[Start of Attachment]
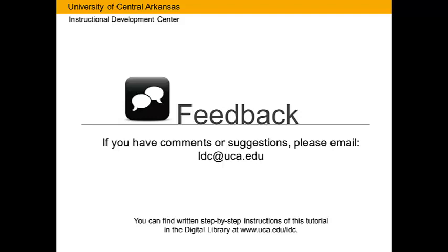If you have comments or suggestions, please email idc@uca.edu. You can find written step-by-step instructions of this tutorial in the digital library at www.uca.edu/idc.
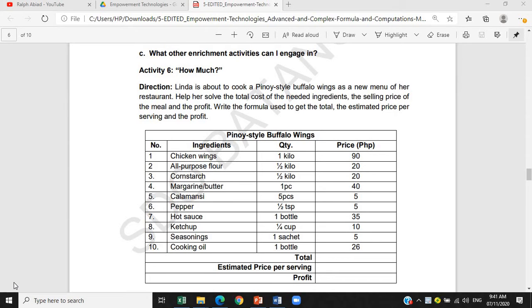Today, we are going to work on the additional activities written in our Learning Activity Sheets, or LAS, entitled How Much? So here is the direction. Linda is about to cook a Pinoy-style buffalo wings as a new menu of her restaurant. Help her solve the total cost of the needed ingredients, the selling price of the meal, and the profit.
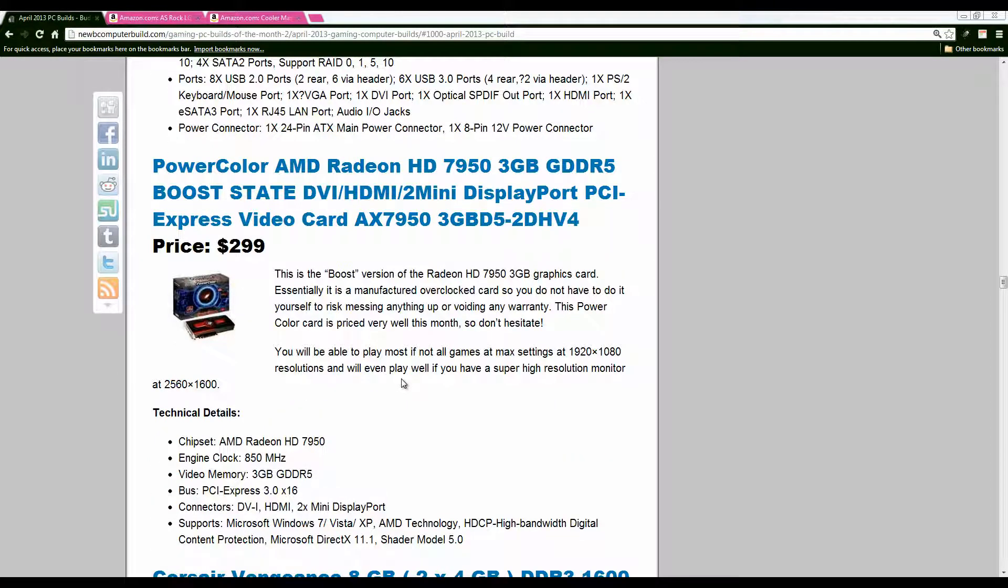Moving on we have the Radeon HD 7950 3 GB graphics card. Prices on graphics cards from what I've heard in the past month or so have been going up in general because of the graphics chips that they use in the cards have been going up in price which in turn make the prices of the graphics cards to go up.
[End of Attachment]
[Start of Attachment]
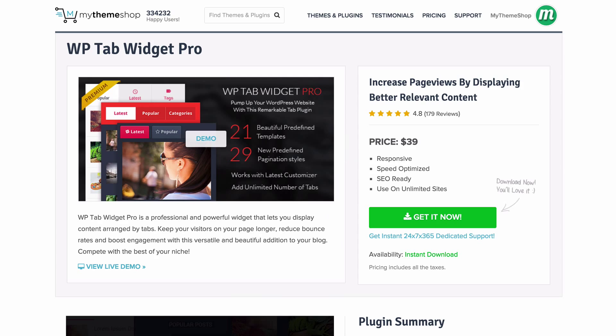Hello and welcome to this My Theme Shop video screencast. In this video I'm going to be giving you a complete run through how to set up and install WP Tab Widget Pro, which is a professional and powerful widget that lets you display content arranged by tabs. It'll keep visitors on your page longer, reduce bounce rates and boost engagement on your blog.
[End of Attachment]
• [EXERCISE]:
In the data above, start at the line holding "If you have" and stop after the line holding "Moving on we"; write out those lines exactly, without pictures.

• [ANSWER SPACE]:
If you have comments or suggestions, please email idc@uca.edu. You can find written step-by-step instructions of this tutorial in the digital library at www.uca.edu/idc.
Today, we are going to work on the additional activities written in our Learning Activity Sheets, or LAS, entitled How Much? So here is the direction. Linda is about to cook a Pinoy-style buffalo wings as a new menu of her restaurant. Help her solve the total cost of the needed ingredients, the selling price of the meal, and the profit.
Moving on we have the Radeon HD 7950 3 GB graphics card. Prices on graphics cards from what I've heard in the past month or so have been going up in general because of the graphics chips that they use in the cards have been going up in price which in turn make the prices of the graphics cards to go up.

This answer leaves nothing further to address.